Karında şişkinlik, gaz, mide bulantısı, ishal veya kramp tarzında karın ağrıları şeklinde belirtilere sahip laktoz intoleransı, inek sütü proteini alerjisiyle sıklıkla karıştırılıyor. Ancak biri besin alerjisi diğeri ise besin intoleransı.

Süte karşı görülen besin alerjisi, bebeklerin anne sütü alımıyla birlikte ortaya çıkabiliyor. Ancak süt proteini alerjisi, çok küçük yaşlarda (genellikle 0-1 yaş) genellikle süt ve ürünlerinin tüketimiyle ortaya çıkabilen, konunun uzmanı hekim tarafından tanısı konulan ve günlük diyetten sadece süt değil süt içeren tüm besinlerin çıkartılmasının da zorunlu olduğu bir tablo.
Gluten intoleransı belirtileri, gluten enteropatisi yani çölyak hastalığına benzediği için çoğunlukla birbiriyle karıştırılabiliyor. Gluten intoleransında, buğday, çavdar ve arpa gibi tahıllarda bulunan gluten proteininin sindiriminde sorun yaşanıyor. Ayrıca ishal, şişkinlik, karın ağrısı gibi sindirim sistemi sorunları görülebileceği gibi başağrısı, halsizlik, dikkat eksikliği, hiperaktivite bozukluğu gibi belirtiler de ortaya çıkabiliyor.

Gerçekte hangi besine intoleransınız var?

Besin intoleransını saptamak genellikle zor.
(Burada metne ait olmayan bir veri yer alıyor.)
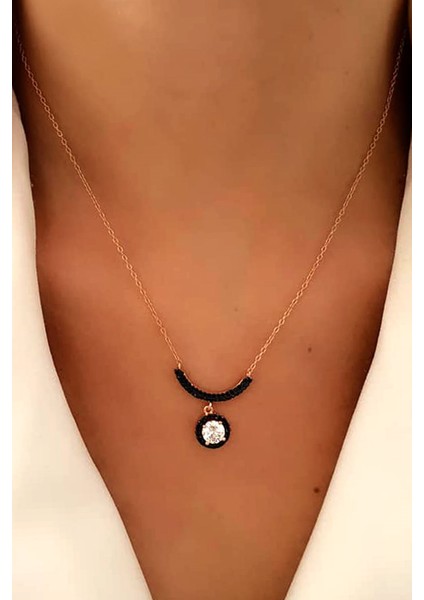 Oniks taşlı tek taş gümüş rose kolye fiyatları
Belirtilerin besin tüketiminden sonraki herhangi bir zamanda ortaya çıkması ve besin intoleransının altında yatan karmaşık fizyolojik mekanizmalar, bireylerin durumu kendi başına ya da çoğu laboratuvar testiyle çözümünü zorlaştırabiliyor. İntoleransa yol açan besinler, az miktarda tüketildiğinde, olası bir intolerans çoğu kez saptanamayabiliyor veya yanlış saptanabiliyor. Örneğin, intolerans kaynağı olan besin fazla miktarda ya da sık tüketildiğinde belirtiler görülebilirken, tek başına tüketildiğinde intoleransa yol açmayan kimi besinler, birlikte tüketildiğinde intoleransa yol açabiliyor.
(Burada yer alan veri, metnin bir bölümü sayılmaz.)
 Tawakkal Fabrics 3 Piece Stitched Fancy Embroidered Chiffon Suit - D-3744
Günümüzde birçok besin intolerans testi uygulanmakta ama sağlık otoritelerin önerdiği geçerli bir test bulunmuyor. İntoleransa yol açan besinlerin, bunların tüketim miktarlarının ve ortaya çıkan belirtilerin değerlendirilebilmesi için bireylerin kendilerini gözlemlemeleri de oldukça önemli. Dolayısıyla beslenme günlüğü tutmak yardımcı olabiliyor ve ileri intolerans durumlarında besini tüketmemek yani diyetten çıkarmak da etkili olabiliyor. Ancak, besin intolerası varsa birçok parametrenin değerlendirilmesi yanında konunun uzman hekimi tarafından mutlaka yönlendirilmesi ve tanısının konması gerekli. Konunun uzmanı, hekim tarafından tanısı konan besin alerjisi veya besin intoleransına bağlı olarak hastanın tedavisine özen göstermesi ve günlük beslenmesinde yapılması zorunlu olan değişiklikler için bir diyetisyene başvurulması büyük öneme sahip.
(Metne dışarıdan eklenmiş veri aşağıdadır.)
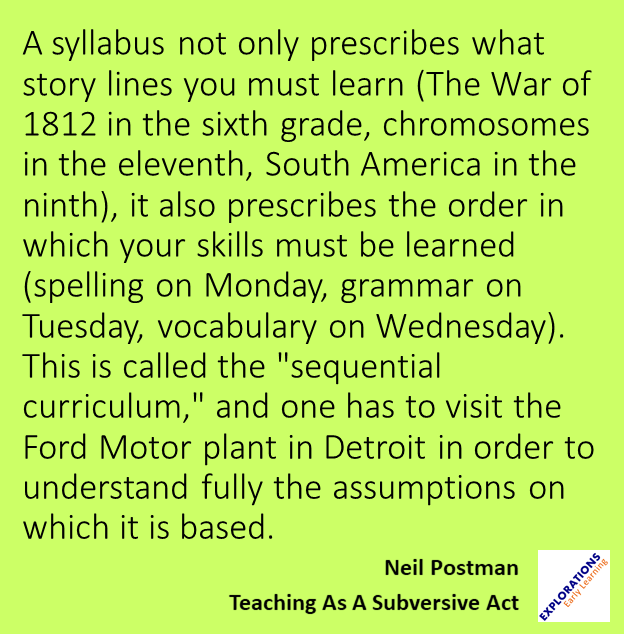 Teaching As A Subversive Act | Quote 01732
Besin intoleransı nasıl yönetilir?

Bireyin yaşam kalitesi için intoleransa yol açan besinlerin diyetten çıkarılması veya uygun miktarlarda tüketilmesi gerekiyor. Bir süre sonra diyetten çıkarılan besin az miktarda tüketilerek yeniden intoleransa neden olup olmadığı denenebiliyor çünkü geçmişte o besinin fazla miktarda veya sık tüketilmiş olması da intoleransa yol açabiliyor. İntoleransa neden olduğu için diyetten çıkarılan besin elzem besin öğelerinin kaynağı ise onun yerine geçen başka bir besinin tüketiminin sağlanması büyük önem taşıyor. Örneğin gluten intoleransında buğdayın tüketilmemesi, posa, B vitaminleri ve karbonhidratın yetersiz alımına yol açabiliyor. Bu durumda bireyler, buğday yerine glutensiz undan üretilen, makarna ve ekmekler ile mısır unu, darı, karabuğday, esmer pirinç, kinoa, teff gibi gluten içermeyen diğer tahılları tüketebiliyor. Laktoz intoleransı varsa yeterli kalsiyum ve protein alabilmek için laktozsuz süt/yoğurt/peynirler ile badem, hindistancevizi veya soya sütü gibi laktoz içermeyen bitkisel kaynaklı sütlerden yararlanılabiliyor.